- Exercise goal: Your answer must be the exact lines below, starting with the line with "Close-up de frutos" and going on through the line with "Se descubre un", both included, with no pictures.

Image-text web data:

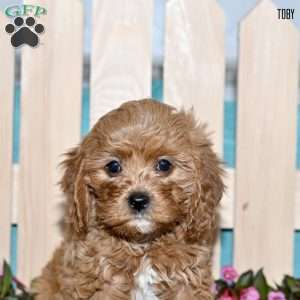 Toby, Cavapoo Puppy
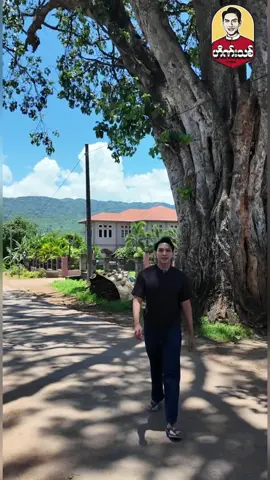 A post by @heinnthit14 on TikTok caption: June 22 ရက်နေ့ Thai Festival in Yangon ပွဲမှာတွေ့ကြမယ်နော် #thaifestivalinmyanmar 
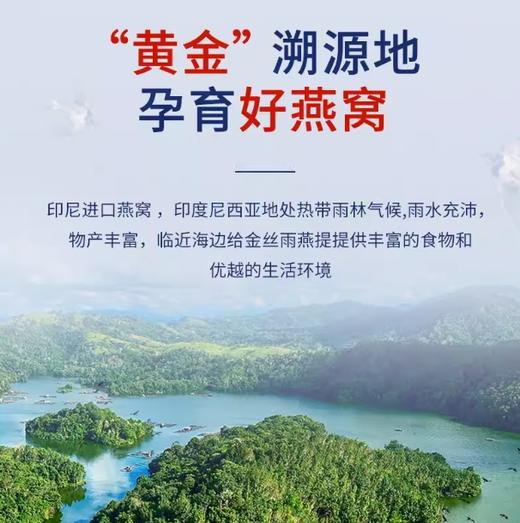 【原产地溯源】印尼雨季头期 半干挑S级金丝燕燕窝干盏 礼盒装 央企同源工厂 CAIQ中科溯源码认证 商品图1
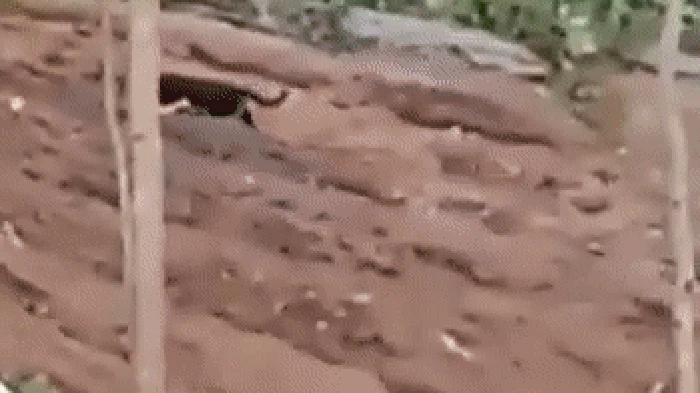 Penampakan macan kumbang (Panthera pardus melas) di Pangalengan
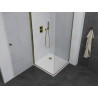 Mexen Pretoria swing shower cabin 70 x 70 cm, transparent, gold + Flat tray - 852-070-070-50-00-4010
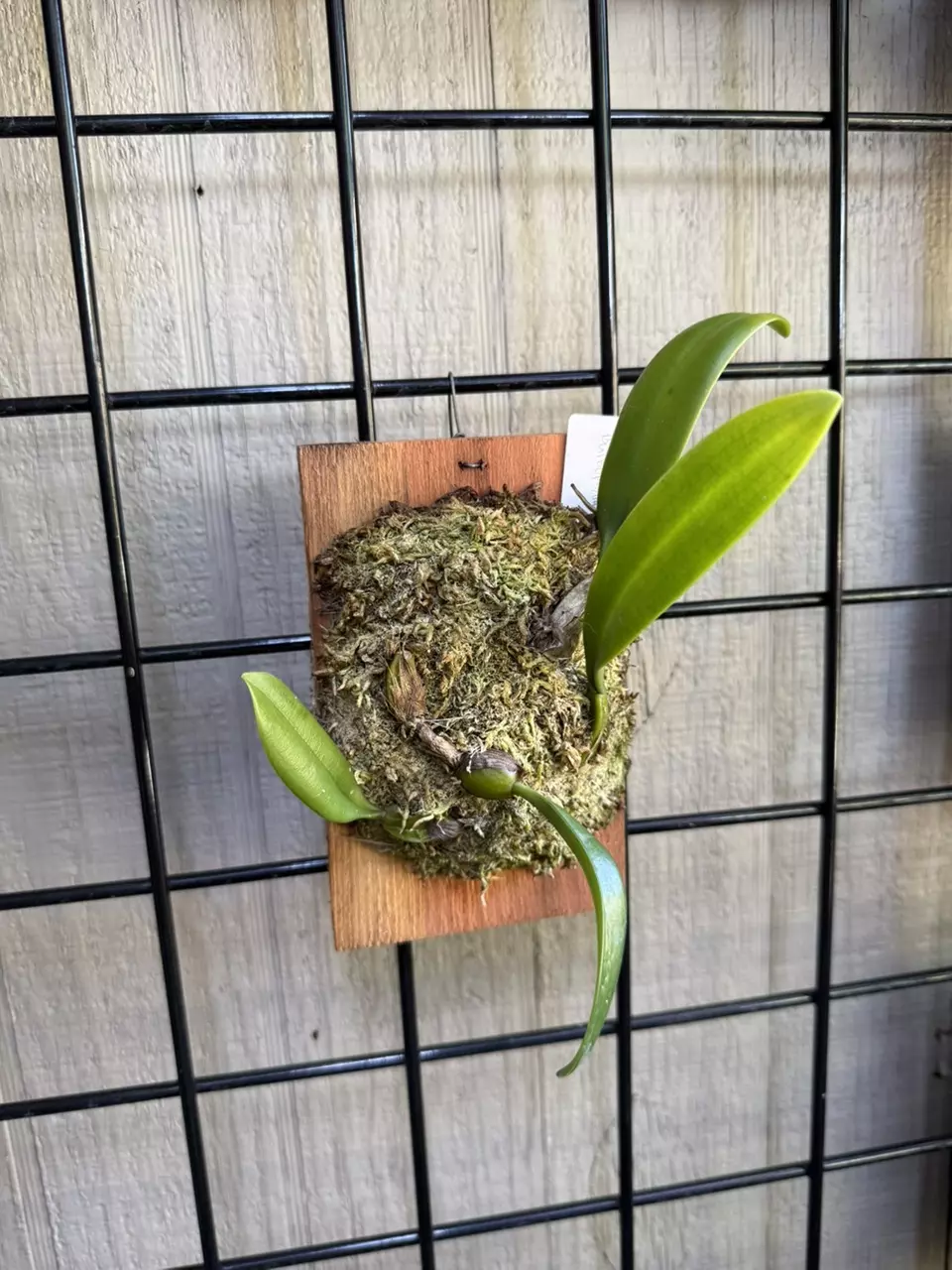 Mounted Bulbophyllum ‘Elizabeth Anne Buckelberry’ orchid thumbnail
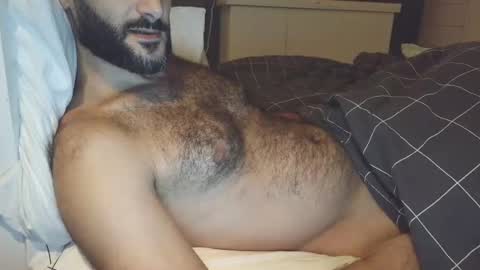 hairycub online show from December 2024 07:34:02 PM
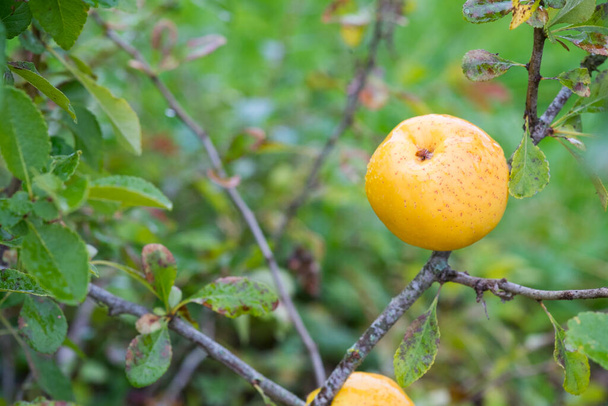 Close-up de frutos amarelos maduros do marmelo japonês (Cydonia) em um ramo de um arbusto no jardim de outono. ( (Cydonia oblonga) - Foto, Imagem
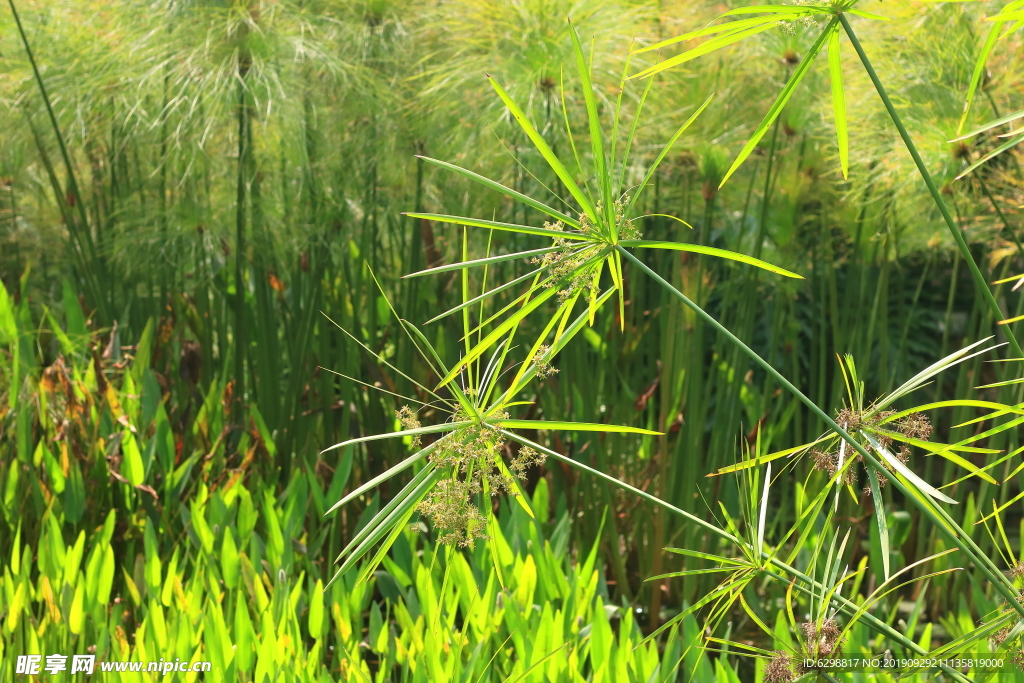 风车草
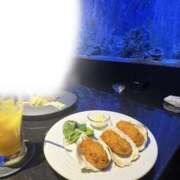 ヒメ日記 2026/01/16 09:52 投稿 ハナミズキ 飾窓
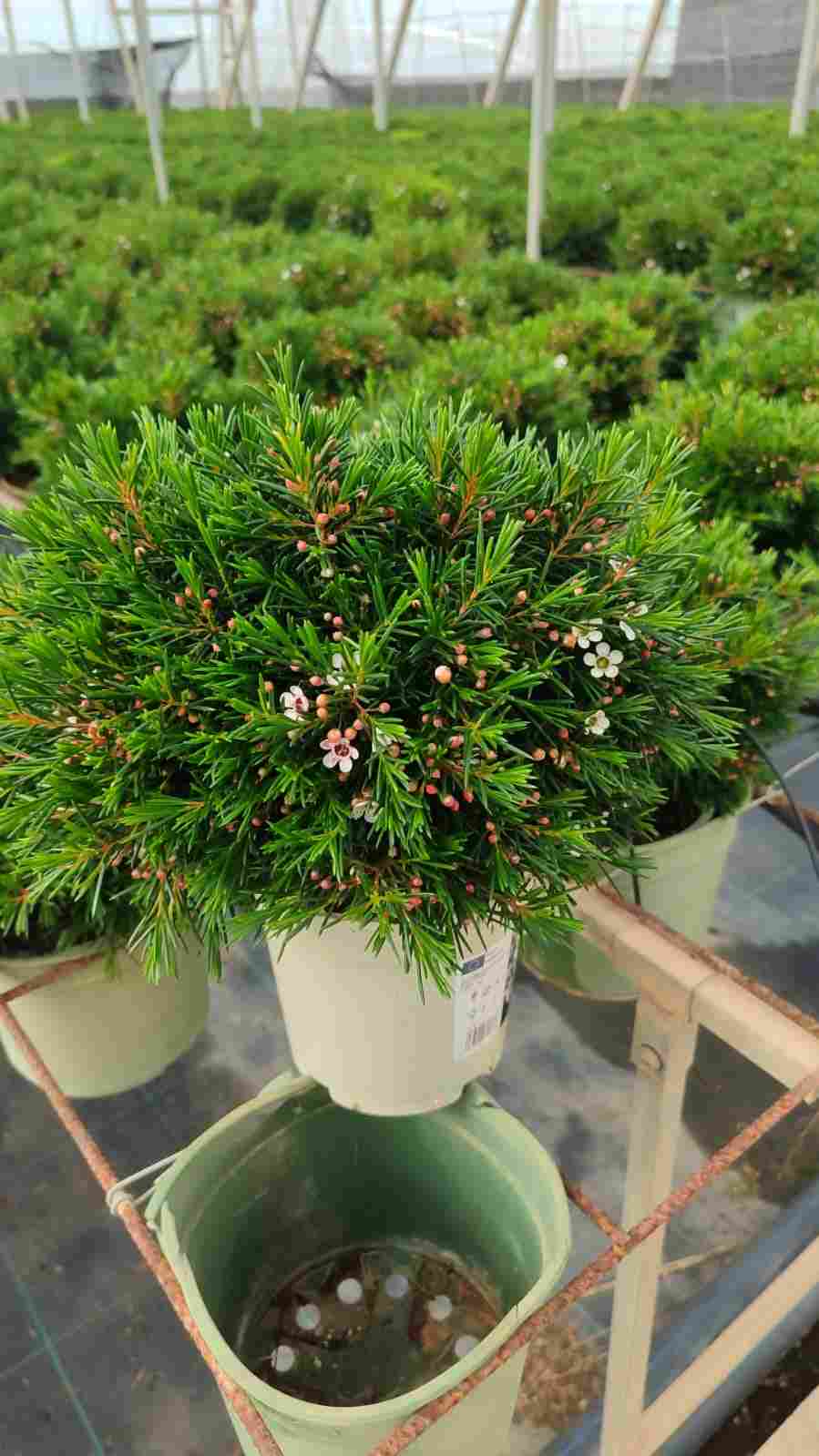 CHAMELACIUM C 14 (FLOR DE CERA)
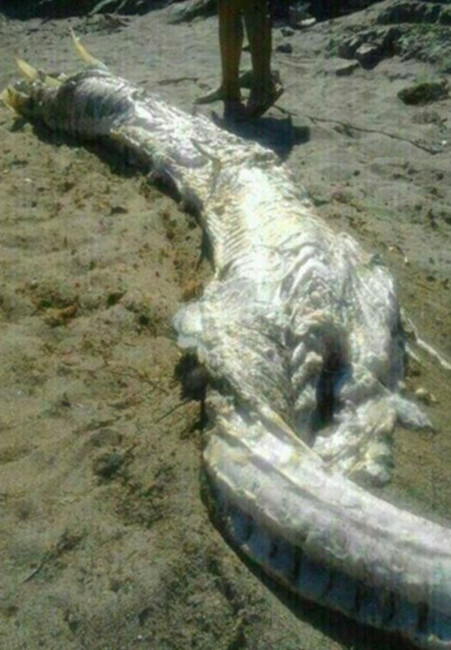 Se descubre un animal extraño en la playa de Villaricos, España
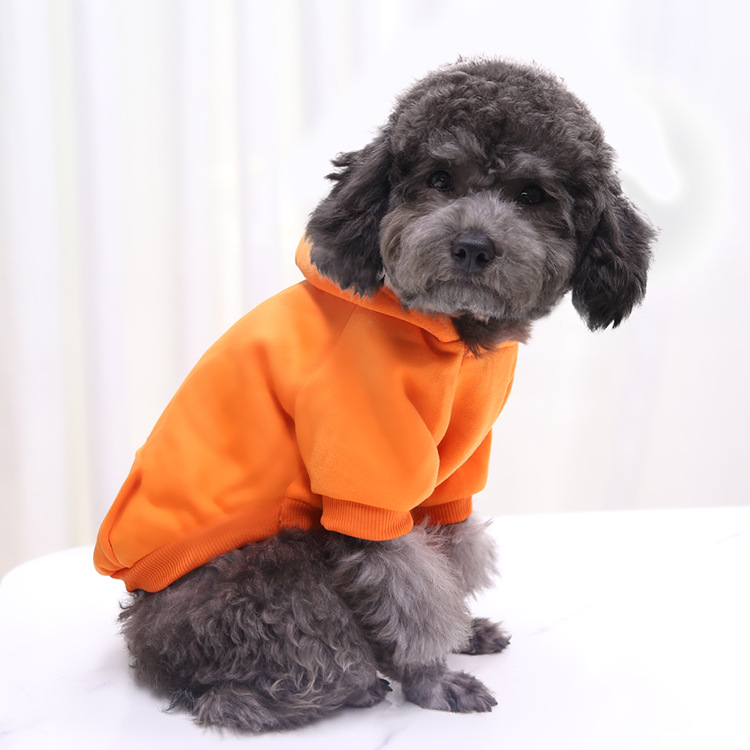 Autumn and Winter Sweater Denim Pocket Two-legged Clothes Sporty Pet Clothes Dog Cat Clothes Pet Supplies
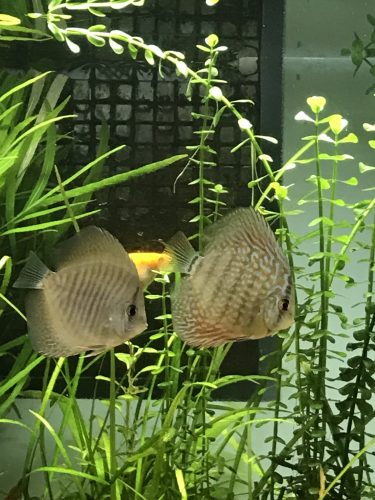Dark Green Fineline Snakeskin Discus photo review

- Result below:
 Close-up de frutos amarelos maduros do marmelo japonês (Cydonia) em um ramo de um arbusto no jardim de outono. ( (Cydonia oblonga) - Foto, Imagem
 风车草
 ヒメ日記 2026/01/16 09:52 投稿 ハナミズキ 飾窓
 CHAMELACIUM C 14 (FLOR DE CERA)
 Se descubre un animal extraño en la playa de Villaricos, España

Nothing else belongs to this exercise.